Here are some statistics on cervical cancer that you may or may not know:
- Approximately 3,000 women are diagnosed with cervical cancer every year
- Around 800 of those women may die, that’s over 25%
- It’s the most common cancer for women under 35 years of age
- Those taking hormonal contraception for 5 or more years are at a higher risk of getting cervical cancer
Some girls chose to put on a brave face and tell everyone not to be silly, others chose to completely freak out and downright refuse the injection without numbing cream and I was somewhere in the middle. However, I, unfortunately, didn’t get the injection. My mother didn’t trust the school or really understand what is was for and therefore wanted me to get it somewhere else… We didn’t get around to it.
13-year-old me didn’t see the big deal. 13-year-old me didn’t have access to the wealth of information I have now. 13-year-old me couldn’t find the words to describe the importance of this to herself or a mother whose English isn’t her first language.
The HPV injection at school is another missed opportunity to educate young girls and parents on sexual health for young women.
There wasn’t much information out there, just a pamphlet and a letter to take home. If someone had sat me down and explained to me what this meant in a wider sense of my sexual health and sexual future, and answered some (I thought silly at the time) questions I had about my reproductive organs I wouldn’t be where I am now. At almost 20, taking birth control for over 4 years, and worrying about my cervical cancer chances with still many unanswered questions. Perhaps if it had been explained my mother and the she had been told how important it was for her daughter to get this injection (as an immigrant she didn’t have access to HPV injection either) she might have changed her mind.
Schools need to do a better job of educating young women on their sexual organs. They need to teach:
- Different types of birth control and their side effects (not just what they scientifically do to the body but experiences of different women).
- Educating girls about their vulvas, labiaplasty is one of the fastest growing plastics surgery procedures for young women. Schools should be talking to young girls and boys about the facts. For example, vulvas vary and discussions around what a healthy vulva looks like. This would decrease the shame a lot of girls feel towards their genitals, empowering them to feel comfortable and have control of their bodies.
- Open a dialogue. Hanx is doing so by being unapologetic about female empowerment. School can do the same by not making ‘sex’ such a taboo subject.
- There will be girls that are bisexual- we should make conversations inclusive of
- Encourage exploration, curiosity and questions. The only way to know and understand a topic is to ask questions, look and understand it. This should be encouraged so girls know what is normal for them.
- TEACH GIRLS ABOUT PLEASURE, sensuality, touch, words and foreplay are all part of sex. Sex education right now focuses too much on negativity, infections and unwanted pregnancy.
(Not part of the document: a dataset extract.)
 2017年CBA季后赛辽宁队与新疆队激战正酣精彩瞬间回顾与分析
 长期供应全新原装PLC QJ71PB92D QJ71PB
What about pleasure?
- Losing your virginity doesn’t mean you are tarnished forever. Virginity is different for everybody, it doesn’t have to be a loss, it can be a beginning of a beautiful journey. It is all about how you frame it.
There are many more things that can be done but whoever is reading this, if you have a young girl in your life let her know she can come to you, there is a safe space to talk and ask questions, there are no stupid questions. Sex education isn’t just about protection (although that is very important) it encompasses all aspects of life and should be looked at in that way. And for any girls in my situation, my advice to you is to make sure as soon as you’re 25, get regular cervical smears. So even if you do have HPV or cervical cancer changes, you can catch it early.